Newman worked 30 to 60 hour weeks that consisted of delivering legislative correspondents to different buildings.
While in the program, Newman attended school from 6 to 9 a.m. then spent the rest of her day in the Capital. “The classes were much harder, like AP rigor I would say. So we were covering a lot of material really quickly. There were very high standards again for academic achievement and we had so little time because I was working, so it was definitely a lot to balance… you have to take advantage of literally every minute you have.”
However, despite these challenges, Newman stated, “we all ultimately became better students because of it” and the program “helped us all see the importance of school above everything else.”
While working in the U.S. Senate, Newman said about the senators, “It was really great to see that they disagree, but it’s a very professional environment and they really respect each other regardless of what their opinions are… I think the media portrays Washington, District of Columbia (D.C.), as a whole, as this very antagonistic place.
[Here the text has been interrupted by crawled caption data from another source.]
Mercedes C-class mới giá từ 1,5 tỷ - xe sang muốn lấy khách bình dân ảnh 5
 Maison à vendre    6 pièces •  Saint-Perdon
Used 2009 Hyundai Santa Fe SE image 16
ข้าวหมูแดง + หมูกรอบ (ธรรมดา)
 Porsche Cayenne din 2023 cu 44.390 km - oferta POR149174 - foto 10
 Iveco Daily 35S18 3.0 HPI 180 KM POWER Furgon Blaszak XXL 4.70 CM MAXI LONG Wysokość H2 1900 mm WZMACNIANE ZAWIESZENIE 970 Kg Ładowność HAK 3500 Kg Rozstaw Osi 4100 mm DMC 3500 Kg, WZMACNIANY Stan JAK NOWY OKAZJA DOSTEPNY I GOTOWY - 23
It was really nice again to see that it’s not as crazy as we tend to think it is and they are really getting a lot done and working together a lot more than we see,” she explained, “The Senate is a very traditional body and they really value precedent, so some of the things that happened while I was there were egregious breaks in precedent, and that made it that much more shocking.”
Newman went on to explain an unusual occurrence where John McCain disagreed with Rand Paul, and, as a joke, went on to say “’the senator from Kentucky is working for Vladimir Putin’, and it was like an explosion went off.”
When Newman returned over the summer, she interned at the California Board of Equalization, and now currently works for a venture capitalist in the area who is seeking to be more politically involved in the public eye. “I want to continue just getting as much varied experience as I can. I don’t really know where I’m going specifically, but I want to really have a good idea of all the different jobs that play into whatever I’m doing. That’s my overall philosophy.”